The Giants picked up right fielder Hunter Pence from the Philadelphia Phillies for Double A Richmond catcher Tommy Joseph, Single A San Jose right-handed pitcher Seth Rosin, and right fielder Nate Schierholtz.
Pence will be under team control through the 2013 season, his final year of arbitration eligibility prior to free agency.
The Giants were active bidders against several other teams to get Kansas City closer Jonathon Broxton, but Broxton was picked up at the last minute by the Cincinnati Reds.
With the acqusition of Pence, 29, and last week's addition of infielder Marco Scutaro, the Giants addressed two of the three main issues effecting team performance the first half of the season: lack of production in right field and finding a potent infield bat.

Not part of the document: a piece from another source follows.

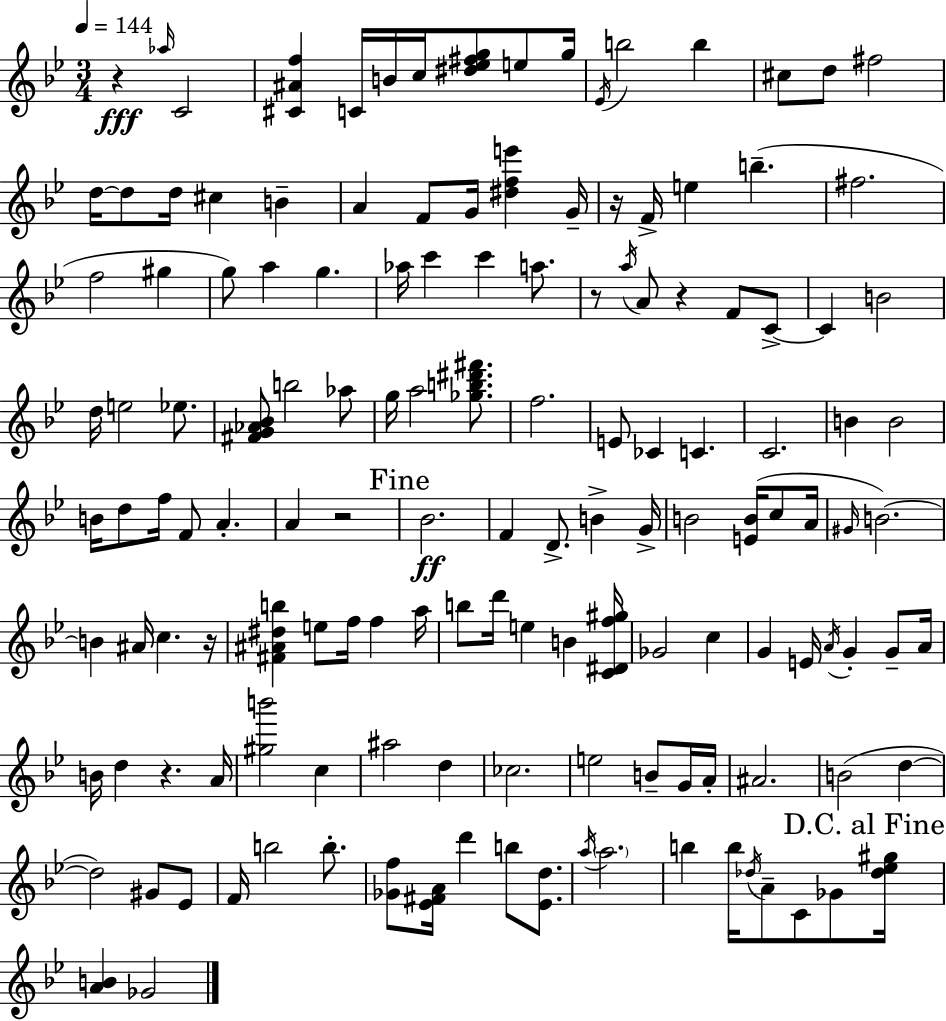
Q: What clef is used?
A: treble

San Francisco was unable to fix their third big issue, reinforcing the bullpen following the loss of closer Brian Wilson and the inability of Santiago Casilla to consistenly fill the closer role. Any deal from this point on must go through a list of other MLB teams and clearing those waivers can be difficult to get done.

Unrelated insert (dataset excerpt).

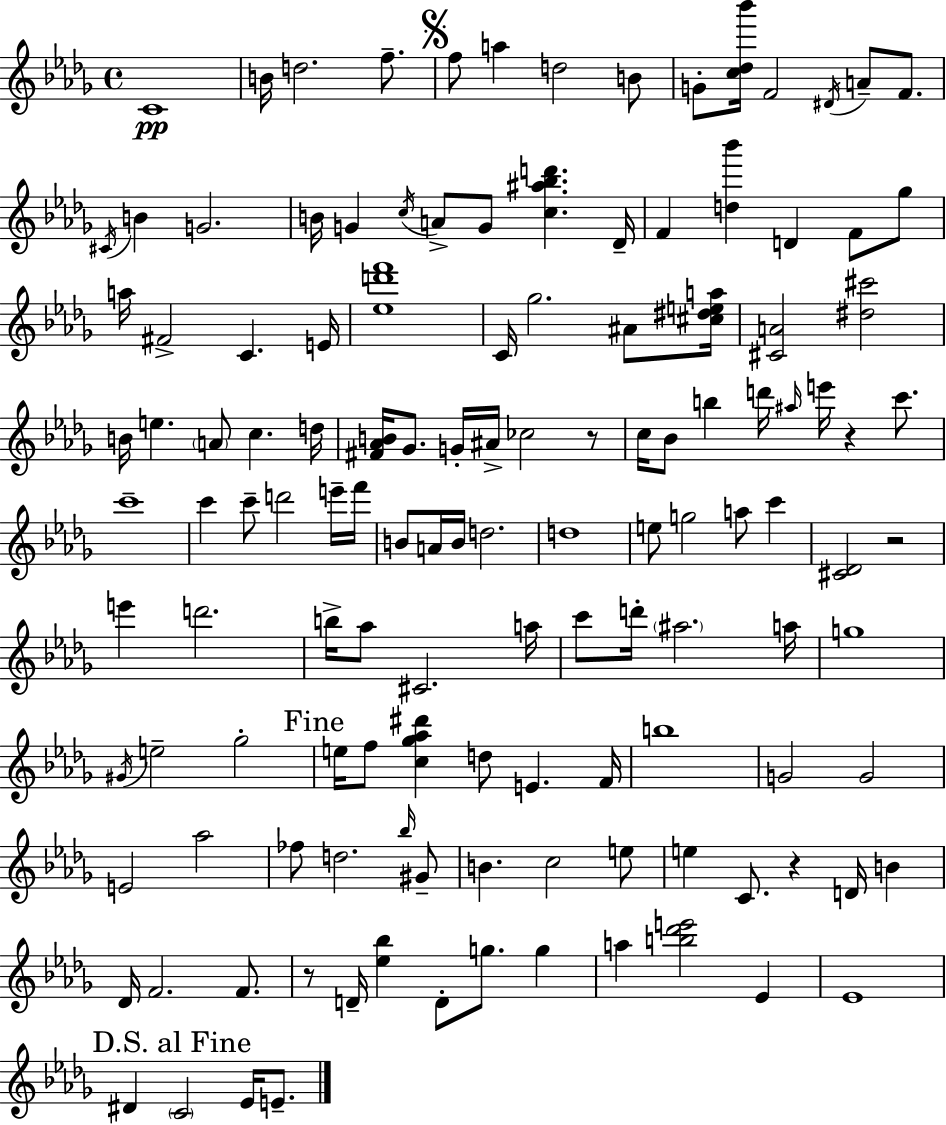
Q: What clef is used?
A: treble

It is a testament to the creativity and experience of Giants' General Manager Brian Sabean that San Francisco was able to target its biggest needs so effectively without giving up any of their top four minor league prospects: center fielder Gary Brown, closer Heath Hembree, second baseman Joe Panik, and outfielder Francisco Peguero.
Seth Rosin may be the sleeper in the Hunter Pence deal. As I noted in the "Prospects" column to the right, Rosin was selected in the 4th round of the 2010 first year player draft after being selected but not signed in 28th round of the 2007 draft by the Minnesota Twins. Rosin is a 6'7" strike thrower who can hit 95 MPH with his fastball; he currently has 68 SO in 58.1 IP.

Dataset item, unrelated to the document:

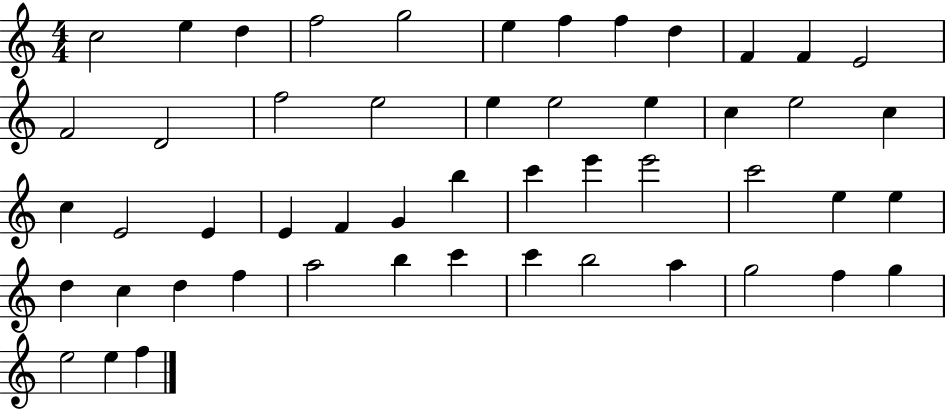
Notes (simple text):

C5/h E5/q D5/q F5/h G5/h E5/q F5/q F5/q D5/q F4/q F4/q E4/h F4/h D4/h F5/h E5/h E5/q E5/h E5/q C5/q E5/h C5/q C5/q E4/h E4/q E4/q F4/q G4/q B5/q C6/q E6/q E6/h C6/h E5/q E5/q D5/q C5/q D5/q F5/q A5/h B5/q C6/q C6/q B5/h A5/q G5/h F5/q G5/q E5/h E5/q F5/q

Including Nate Schierholtz in the Pence deal clears San Francisco's roster of a marginal player who was never a consistent run producer. Schierholtz, who was part of the Giants' 2010 World Championship team, goes from AT&T Park, a very tough ballpark for hitters, to the Phillies' Citizens Bank Park-- one of the best hitters' parks in the Majors. That should give Schierholtz an offensive statistical bump.
But the real news here is that by making Tommy Joseph the centerpiece of the Hunter Pence trade the San Francisco Giants delt from their biggest organizational strength: the franchise's deepest assets are at the catcher position. With Buster Posey and Hector Sanchez at the big league level and Andrew Susac at Single A San Jose, the loss of Joseph shouldn't impact the Giants' future.
Both the Giants and the Dodgers (with new pick-ups IF Hanley Ramirez, OF Shane Victorino, and RP Brandon League) are armed and recharged for the upcoming battles of August and September. The traditional difference-makers are starting pitching and bullpen strength-- both areas in which the Giants still have a distinct edge.